For this lab, I set up 5 different experiments.  The first one was a synthesis reaction where the students grabbed a SMALL piece (3 cm) of magnesium ribbon with test tube tongs and held it over a butane burner.  The magnesium burns incredibly bright as it reacts with oxygen to form magnesium oxide, a fine white powder.img_5554

The second setup involved placing a small chunk of copper sulfate hydrate (dark blue) in a crucible and heating it up to drive out the water – this is an example of a decomposition reaction.
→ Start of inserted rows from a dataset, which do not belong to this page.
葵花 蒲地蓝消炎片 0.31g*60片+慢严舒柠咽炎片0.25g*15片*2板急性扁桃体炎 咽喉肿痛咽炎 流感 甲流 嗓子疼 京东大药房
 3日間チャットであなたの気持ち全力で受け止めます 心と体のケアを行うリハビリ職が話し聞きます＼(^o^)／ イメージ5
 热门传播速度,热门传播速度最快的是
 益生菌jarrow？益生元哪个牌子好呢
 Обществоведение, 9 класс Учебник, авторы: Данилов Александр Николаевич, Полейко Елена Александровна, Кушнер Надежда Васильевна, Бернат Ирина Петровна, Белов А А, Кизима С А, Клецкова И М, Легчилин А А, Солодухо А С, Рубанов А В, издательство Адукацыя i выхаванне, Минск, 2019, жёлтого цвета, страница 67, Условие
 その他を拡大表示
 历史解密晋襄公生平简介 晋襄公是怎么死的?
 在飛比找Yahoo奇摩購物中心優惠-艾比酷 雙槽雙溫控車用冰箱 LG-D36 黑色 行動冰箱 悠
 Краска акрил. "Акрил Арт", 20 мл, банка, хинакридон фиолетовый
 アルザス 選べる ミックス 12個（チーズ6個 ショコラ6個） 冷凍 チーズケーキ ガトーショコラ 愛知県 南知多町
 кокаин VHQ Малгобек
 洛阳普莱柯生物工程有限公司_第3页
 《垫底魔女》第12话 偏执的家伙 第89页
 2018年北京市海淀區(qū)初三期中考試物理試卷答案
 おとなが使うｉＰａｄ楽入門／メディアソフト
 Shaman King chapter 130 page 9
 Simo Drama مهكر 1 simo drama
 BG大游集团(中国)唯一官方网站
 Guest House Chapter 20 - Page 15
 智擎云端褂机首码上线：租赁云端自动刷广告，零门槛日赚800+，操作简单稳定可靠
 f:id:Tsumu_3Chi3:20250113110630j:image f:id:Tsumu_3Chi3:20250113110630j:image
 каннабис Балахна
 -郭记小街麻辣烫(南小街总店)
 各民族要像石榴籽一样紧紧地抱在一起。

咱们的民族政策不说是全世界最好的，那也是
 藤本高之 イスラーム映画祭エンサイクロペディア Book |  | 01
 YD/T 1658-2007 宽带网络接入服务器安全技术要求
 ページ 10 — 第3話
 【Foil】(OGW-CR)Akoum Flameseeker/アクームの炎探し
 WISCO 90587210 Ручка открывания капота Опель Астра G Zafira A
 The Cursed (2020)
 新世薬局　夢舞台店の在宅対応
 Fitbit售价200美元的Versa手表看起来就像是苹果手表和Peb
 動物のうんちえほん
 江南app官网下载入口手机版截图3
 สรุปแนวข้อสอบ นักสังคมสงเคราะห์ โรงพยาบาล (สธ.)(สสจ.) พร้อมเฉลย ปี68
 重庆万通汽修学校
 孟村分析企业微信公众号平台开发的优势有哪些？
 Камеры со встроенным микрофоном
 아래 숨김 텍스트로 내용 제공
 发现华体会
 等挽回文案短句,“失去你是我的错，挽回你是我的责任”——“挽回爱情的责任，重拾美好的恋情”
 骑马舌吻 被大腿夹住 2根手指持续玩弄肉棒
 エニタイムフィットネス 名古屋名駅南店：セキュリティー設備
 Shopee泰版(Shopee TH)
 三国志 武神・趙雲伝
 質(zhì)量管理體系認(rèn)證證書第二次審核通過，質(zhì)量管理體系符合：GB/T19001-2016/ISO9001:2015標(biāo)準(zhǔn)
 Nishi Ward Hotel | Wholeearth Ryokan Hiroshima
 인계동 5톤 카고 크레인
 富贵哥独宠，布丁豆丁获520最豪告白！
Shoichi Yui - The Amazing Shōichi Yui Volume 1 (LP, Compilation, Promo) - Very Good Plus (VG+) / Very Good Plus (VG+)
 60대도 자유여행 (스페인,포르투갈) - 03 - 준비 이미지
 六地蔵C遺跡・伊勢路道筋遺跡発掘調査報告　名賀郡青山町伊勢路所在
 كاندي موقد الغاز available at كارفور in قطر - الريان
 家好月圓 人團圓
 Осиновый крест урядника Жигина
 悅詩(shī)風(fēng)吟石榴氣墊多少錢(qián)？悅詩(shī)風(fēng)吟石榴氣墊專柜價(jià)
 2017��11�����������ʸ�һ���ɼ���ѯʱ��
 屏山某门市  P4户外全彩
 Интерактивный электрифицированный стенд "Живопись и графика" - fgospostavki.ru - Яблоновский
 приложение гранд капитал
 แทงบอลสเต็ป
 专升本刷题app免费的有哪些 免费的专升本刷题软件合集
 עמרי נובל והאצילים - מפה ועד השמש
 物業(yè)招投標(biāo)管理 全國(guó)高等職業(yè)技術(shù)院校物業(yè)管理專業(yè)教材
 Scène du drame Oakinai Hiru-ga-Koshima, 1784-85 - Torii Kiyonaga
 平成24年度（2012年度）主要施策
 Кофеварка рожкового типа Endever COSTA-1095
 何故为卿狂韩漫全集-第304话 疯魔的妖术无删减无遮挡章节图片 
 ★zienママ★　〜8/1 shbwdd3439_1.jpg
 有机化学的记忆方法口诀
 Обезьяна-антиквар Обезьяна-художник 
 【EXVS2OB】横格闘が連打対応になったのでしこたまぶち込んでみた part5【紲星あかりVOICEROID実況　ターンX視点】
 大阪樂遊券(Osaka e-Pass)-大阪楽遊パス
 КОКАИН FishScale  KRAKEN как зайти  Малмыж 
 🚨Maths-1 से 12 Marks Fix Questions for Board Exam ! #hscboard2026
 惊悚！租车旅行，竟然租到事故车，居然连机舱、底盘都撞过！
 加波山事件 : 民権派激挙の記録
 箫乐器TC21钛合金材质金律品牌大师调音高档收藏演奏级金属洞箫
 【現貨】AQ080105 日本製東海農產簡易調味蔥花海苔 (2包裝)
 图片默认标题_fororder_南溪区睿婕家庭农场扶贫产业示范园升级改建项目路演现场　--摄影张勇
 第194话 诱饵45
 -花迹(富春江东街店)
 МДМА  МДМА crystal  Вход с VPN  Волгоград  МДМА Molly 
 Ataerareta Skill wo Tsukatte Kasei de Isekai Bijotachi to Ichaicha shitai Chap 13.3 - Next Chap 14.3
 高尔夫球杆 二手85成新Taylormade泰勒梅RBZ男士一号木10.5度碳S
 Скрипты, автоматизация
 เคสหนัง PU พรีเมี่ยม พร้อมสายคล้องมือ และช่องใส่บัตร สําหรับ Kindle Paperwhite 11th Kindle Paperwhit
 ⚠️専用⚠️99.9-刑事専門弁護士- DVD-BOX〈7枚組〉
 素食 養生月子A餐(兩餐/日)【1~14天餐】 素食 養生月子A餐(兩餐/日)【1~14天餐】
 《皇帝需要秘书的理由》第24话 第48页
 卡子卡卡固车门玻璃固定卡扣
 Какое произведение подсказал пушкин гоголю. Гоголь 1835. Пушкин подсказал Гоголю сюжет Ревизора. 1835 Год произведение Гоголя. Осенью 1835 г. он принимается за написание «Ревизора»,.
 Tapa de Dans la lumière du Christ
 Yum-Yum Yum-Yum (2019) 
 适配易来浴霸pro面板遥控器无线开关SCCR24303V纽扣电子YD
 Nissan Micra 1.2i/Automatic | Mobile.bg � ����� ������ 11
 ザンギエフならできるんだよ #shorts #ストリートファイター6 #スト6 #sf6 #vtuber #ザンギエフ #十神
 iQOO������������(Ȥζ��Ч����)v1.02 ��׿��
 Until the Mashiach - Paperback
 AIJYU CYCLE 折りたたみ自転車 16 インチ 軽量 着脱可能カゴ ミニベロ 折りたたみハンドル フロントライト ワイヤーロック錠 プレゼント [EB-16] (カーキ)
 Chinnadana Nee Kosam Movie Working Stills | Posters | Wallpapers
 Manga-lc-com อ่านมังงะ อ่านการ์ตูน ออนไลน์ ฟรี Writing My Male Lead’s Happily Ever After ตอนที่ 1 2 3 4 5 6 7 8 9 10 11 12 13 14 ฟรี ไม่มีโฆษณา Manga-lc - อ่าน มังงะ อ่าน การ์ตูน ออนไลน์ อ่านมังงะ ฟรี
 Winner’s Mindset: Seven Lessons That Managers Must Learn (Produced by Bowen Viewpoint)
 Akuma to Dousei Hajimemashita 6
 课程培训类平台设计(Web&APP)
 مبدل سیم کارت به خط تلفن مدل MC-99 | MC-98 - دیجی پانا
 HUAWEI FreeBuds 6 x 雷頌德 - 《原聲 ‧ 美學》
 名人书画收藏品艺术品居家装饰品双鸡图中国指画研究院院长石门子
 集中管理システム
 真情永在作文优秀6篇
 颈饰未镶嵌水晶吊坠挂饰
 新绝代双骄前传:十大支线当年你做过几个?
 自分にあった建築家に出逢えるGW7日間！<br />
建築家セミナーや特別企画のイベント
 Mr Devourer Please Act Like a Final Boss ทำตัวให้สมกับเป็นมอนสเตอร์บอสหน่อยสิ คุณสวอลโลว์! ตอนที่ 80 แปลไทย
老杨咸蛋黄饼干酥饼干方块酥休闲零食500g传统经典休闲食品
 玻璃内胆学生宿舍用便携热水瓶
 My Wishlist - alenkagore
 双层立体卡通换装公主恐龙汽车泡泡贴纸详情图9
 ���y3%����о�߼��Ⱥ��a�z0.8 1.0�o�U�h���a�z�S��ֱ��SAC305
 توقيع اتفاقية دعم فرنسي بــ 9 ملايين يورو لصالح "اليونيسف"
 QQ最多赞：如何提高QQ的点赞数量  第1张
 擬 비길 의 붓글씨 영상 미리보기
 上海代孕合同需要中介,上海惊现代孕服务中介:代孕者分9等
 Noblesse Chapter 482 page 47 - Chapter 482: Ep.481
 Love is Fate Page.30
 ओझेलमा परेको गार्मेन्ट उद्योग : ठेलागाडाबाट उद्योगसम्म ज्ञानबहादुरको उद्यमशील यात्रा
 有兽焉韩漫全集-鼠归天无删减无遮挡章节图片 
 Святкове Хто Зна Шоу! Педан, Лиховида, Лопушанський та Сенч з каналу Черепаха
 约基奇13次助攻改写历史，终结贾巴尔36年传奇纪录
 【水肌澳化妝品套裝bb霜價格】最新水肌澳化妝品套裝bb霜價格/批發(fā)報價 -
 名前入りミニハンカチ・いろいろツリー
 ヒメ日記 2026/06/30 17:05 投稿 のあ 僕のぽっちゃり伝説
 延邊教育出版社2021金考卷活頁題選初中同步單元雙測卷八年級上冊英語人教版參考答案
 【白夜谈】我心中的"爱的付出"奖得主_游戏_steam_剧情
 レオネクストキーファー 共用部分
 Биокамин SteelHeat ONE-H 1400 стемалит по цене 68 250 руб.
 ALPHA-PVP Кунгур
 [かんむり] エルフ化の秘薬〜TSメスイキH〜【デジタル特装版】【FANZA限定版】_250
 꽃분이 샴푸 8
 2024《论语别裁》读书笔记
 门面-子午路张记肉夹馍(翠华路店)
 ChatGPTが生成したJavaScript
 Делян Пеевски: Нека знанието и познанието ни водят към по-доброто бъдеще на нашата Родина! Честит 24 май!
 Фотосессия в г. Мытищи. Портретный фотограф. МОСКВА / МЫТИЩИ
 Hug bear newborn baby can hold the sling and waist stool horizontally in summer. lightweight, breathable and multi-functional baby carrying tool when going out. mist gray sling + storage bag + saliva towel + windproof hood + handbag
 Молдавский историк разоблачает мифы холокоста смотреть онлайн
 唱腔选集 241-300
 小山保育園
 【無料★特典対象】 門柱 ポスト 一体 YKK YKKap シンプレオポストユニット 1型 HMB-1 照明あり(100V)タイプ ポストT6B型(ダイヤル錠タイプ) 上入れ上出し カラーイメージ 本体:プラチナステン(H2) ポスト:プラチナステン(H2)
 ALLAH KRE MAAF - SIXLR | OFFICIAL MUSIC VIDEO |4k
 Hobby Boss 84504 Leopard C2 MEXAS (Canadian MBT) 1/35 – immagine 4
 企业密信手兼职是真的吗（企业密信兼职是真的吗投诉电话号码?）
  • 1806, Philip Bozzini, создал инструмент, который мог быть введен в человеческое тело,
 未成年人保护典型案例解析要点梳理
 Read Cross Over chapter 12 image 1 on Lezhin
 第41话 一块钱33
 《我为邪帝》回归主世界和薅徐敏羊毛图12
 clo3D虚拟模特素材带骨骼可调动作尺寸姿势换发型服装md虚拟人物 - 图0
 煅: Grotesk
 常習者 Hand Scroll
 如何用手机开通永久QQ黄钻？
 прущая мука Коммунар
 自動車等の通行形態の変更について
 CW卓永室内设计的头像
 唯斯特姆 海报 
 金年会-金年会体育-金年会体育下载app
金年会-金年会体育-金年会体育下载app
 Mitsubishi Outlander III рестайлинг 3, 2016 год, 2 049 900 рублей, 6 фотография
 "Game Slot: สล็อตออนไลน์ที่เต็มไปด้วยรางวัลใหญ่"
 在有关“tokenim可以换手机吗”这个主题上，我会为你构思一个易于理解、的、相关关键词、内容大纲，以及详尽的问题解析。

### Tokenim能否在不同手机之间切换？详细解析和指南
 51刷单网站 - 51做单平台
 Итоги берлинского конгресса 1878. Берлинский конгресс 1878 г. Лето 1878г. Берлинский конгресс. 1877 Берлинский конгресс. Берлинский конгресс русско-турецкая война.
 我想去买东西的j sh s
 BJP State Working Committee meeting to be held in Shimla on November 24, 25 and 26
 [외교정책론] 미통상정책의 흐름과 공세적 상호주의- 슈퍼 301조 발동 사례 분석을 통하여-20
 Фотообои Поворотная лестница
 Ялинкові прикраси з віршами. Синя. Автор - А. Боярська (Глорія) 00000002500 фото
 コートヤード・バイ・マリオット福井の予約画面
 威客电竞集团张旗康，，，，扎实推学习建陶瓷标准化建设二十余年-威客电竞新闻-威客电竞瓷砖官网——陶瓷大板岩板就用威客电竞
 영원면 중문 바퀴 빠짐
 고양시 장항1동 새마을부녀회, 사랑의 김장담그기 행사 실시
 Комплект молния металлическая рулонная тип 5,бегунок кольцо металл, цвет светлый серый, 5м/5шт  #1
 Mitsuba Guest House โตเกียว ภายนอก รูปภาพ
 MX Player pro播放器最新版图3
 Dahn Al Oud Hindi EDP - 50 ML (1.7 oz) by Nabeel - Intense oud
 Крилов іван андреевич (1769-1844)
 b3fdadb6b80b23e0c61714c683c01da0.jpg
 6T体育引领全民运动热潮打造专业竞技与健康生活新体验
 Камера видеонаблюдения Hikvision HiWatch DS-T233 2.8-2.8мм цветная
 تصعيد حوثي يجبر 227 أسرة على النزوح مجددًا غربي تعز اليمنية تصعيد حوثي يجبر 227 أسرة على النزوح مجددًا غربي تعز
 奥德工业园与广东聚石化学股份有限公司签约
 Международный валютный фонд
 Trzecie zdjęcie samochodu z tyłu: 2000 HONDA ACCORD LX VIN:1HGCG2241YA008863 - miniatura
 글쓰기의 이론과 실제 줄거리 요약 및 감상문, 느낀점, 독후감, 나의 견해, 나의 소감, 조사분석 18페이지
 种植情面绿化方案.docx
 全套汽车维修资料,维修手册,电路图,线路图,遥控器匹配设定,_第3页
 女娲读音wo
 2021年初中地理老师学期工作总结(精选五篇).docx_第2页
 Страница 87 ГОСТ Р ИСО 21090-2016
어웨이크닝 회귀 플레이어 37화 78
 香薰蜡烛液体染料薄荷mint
The third reaction was done as a demonstration because I only one piece of copper and very little silver nitrate.  I made a 0.1 M solution of silver nitrate in a small centrifuge tube and place a piece of copper wire into the tube.  This is an example of a single replacement reaction, the copper switches place with the silver and you end up with silver precipitate (solid) and the copper becomes copper nitrate (in solution).  As you can see in the photo the copper wire grew silver fuzz!  You can see a little bit of the copper wire sticking out of the solution.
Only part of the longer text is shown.